In contrast to the amygdala findings, group differences were not observed for other key brain areas activated by our anticipation paradigm in healthy volunteers in this study (data supplement Tables 2 and 3) and previously
(8,
14) . In a recent report, “anxiety-prone” subjects (nine of 13 met DSM-IV criteria for generalized anxiety disorder) showed greater insula responses than “anxiety-normative” subjects (no DSM-IV disorders) during the anticipation of snake and spider pictures
(25) . The differences in sample and stimuli may explain why we found no group differences anywhere in the insula at p<0.05 corrected (or at p<0.005 uncorrected) for the voxelwise analyses or for analyses using the anterior insula regions previously identified with this anticipation paradigm (data supplement Table 2)
(8) . To address concerns about type II error, larger samples are needed to further assess group effects. Another limitation is the absence of online behavioral or autonomic data for examining relations with the neural findings. Of relevance, however, are the associations of brain data with treatment response, a valid and important behavioral criterion.

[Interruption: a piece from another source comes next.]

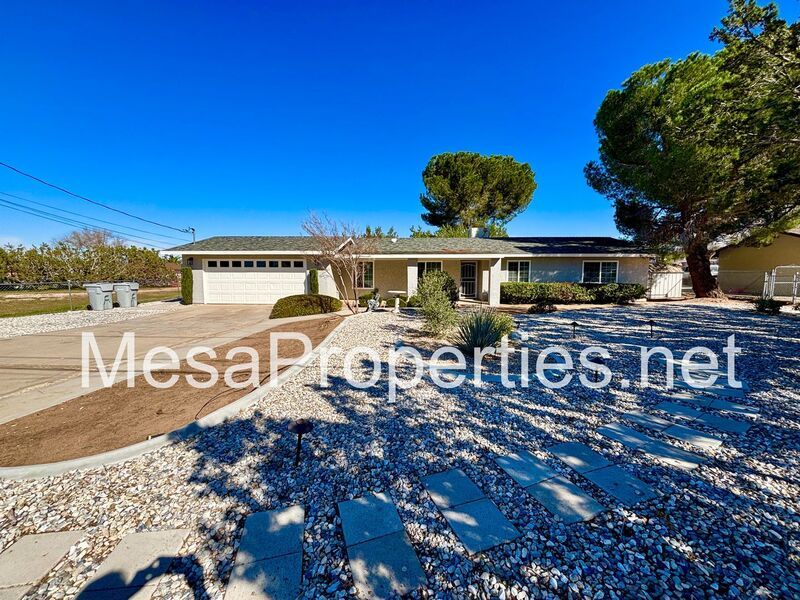 Newly Renovated 3 Bed 2 Bath Home in Hesperia property image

Using a paradigm that capitalized on anticipatory abnormalities as a key feature of anxiety disorders, we found that anticipatory amygdala hypersensitivity in a lateral region of the dorsal amygdala is a pathological signature of generalized anxiety disorder, whereas greater anticipatory activity in the pregenual anterior cingulate cortex may have adaptive benefits. This association of anterior cingulate cortex activity with treatment response to venlafaxine builds on prior reports indicating promise for neuroimaging as a prognostic tool
(26 –
29) . Crossover studies and double-blind designs involving placebo controls are important next steps for extending the findings from this initial open-label study that implicated amygdala-based anticipatory processes in the pathophysiology of generalized anxiety disorder and anterior cingulate cortex-based anticipatory processes in treatment response.